▶ [Exercise directions]: Return the listing below exactly. Leave its pictures out.

▶ [Information shown]:
══════════════════════════════

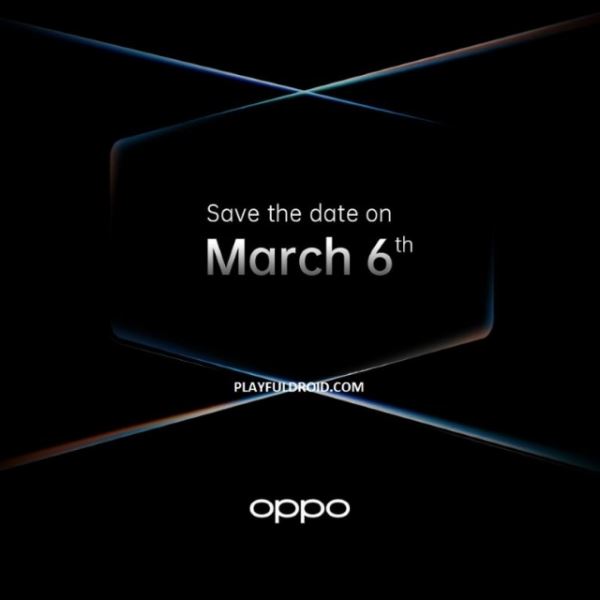 <br />
						OPPO Find X2 c чипом Snapdragon 865, 65-ваттной быстрой зарядкой и тройной камерой дебютирует 6 марта<br />
					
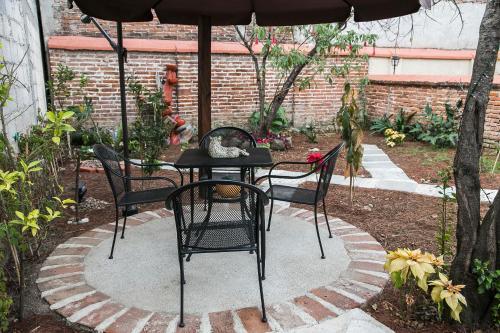 Bed & Breakfast Casa Frenes�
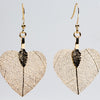 HeartShaped Earrings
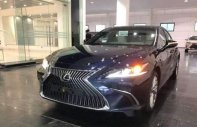 Lexus ES  250   2019 - Bán Lexus ES 250 2019, màu xanh lam, nhập khẩu   giá 2 tỷ 500 tr tại Quảng Ninh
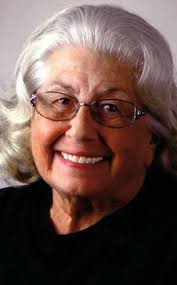 Bettie Parker Obituary (1928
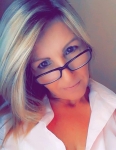 Tracy M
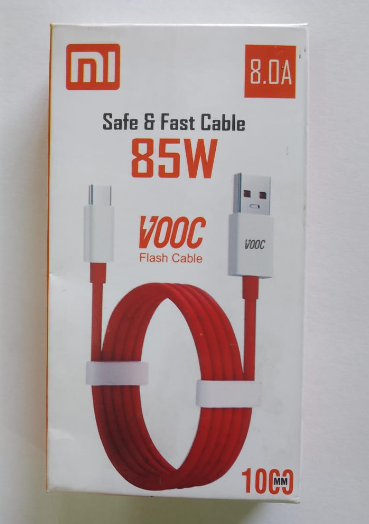 MI Safe & Fast Cable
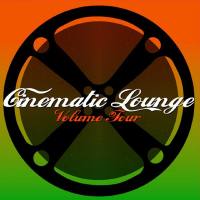 VA - 2012 - Cinematic Lounge Volume Four (FLAC)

══════════════════════════════

▶ [Reply]:
 <br />
						OPPO Find X2 c чипом Snapdragon 865, 65-ваттной быстрой зарядкой и тройной камерой дебютирует 6 марта<br />
					
 Bed & Breakfast Casa Frenes�
 HeartShaped Earrings
 Lexus ES  250   2019 - Bán Lexus ES 250 2019, màu xanh lam, nhập khẩu   giá 2 tỷ 500 tr tại Quảng Ninh
 Bettie Parker Obituary (1928
 Tracy M
 MI Safe & Fast Cable
 VA - 2012 - Cinematic Lounge Volume Four (FLAC)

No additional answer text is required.